Start of Block
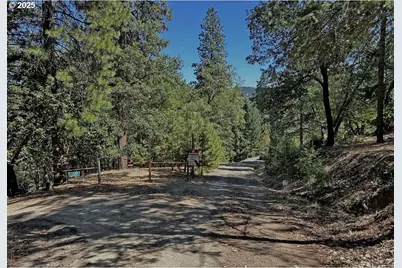 4712 Old Highway 99S, Ashland, OR 97520 - Photo 3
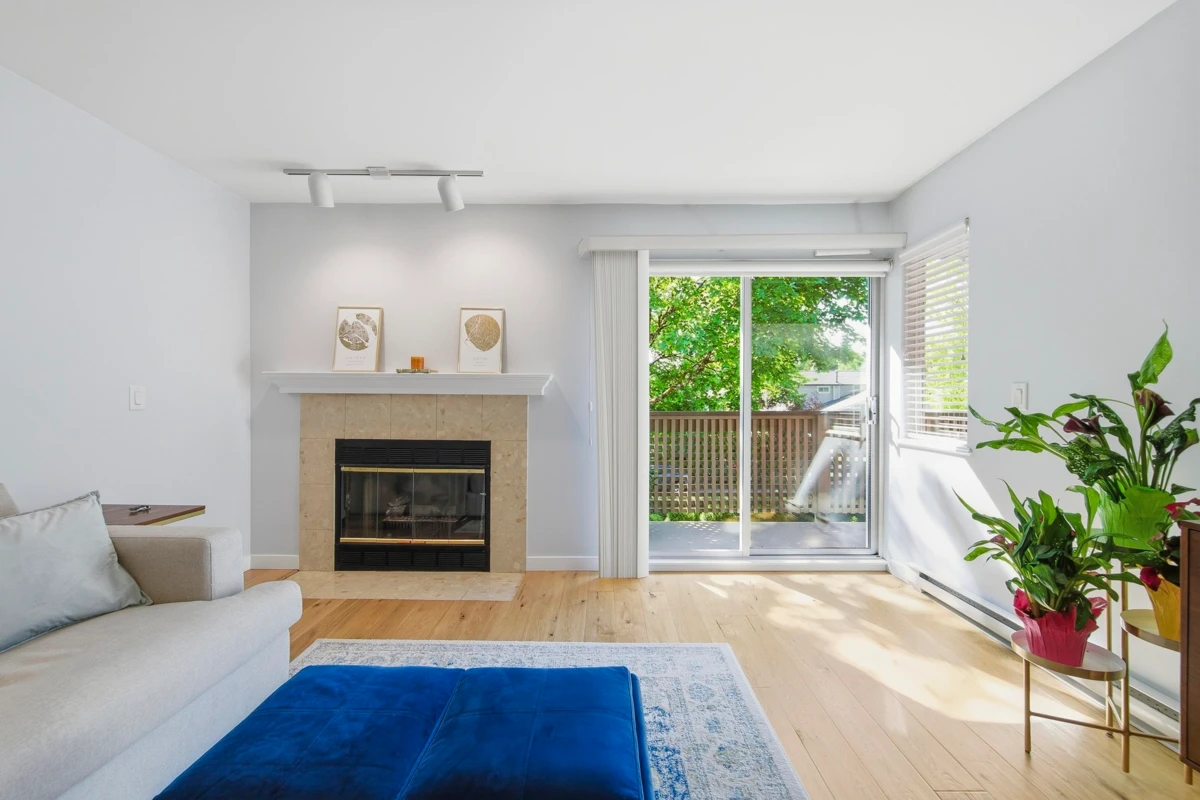 Family Room Photo of 836 Roche Point Drive, North Vancouver, BC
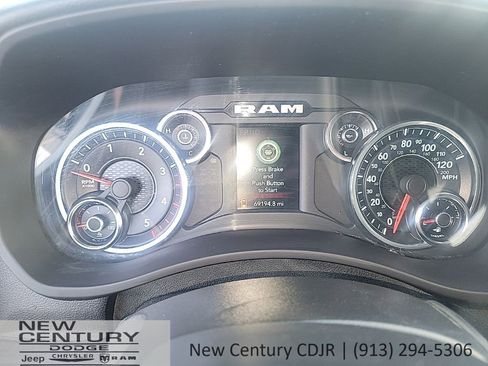 Used 2023 RAM 3500 Big Horn w/ Level 1 Equipment Group image 12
End of Block
* _WHAT YOU ARE ASKED TO DO_:
Write the lines above out again exactly, excluding every picture.

* _RESPONSE BOX_:
 4712 Old Highway 99S, Ashland, OR 97520 - Photo 3
 Family Room Photo of 836 Roche Point Drive, North Vancouver, BC
 Used 2023 RAM 3500 Big Horn w/ Level 1 Equipment Group image 12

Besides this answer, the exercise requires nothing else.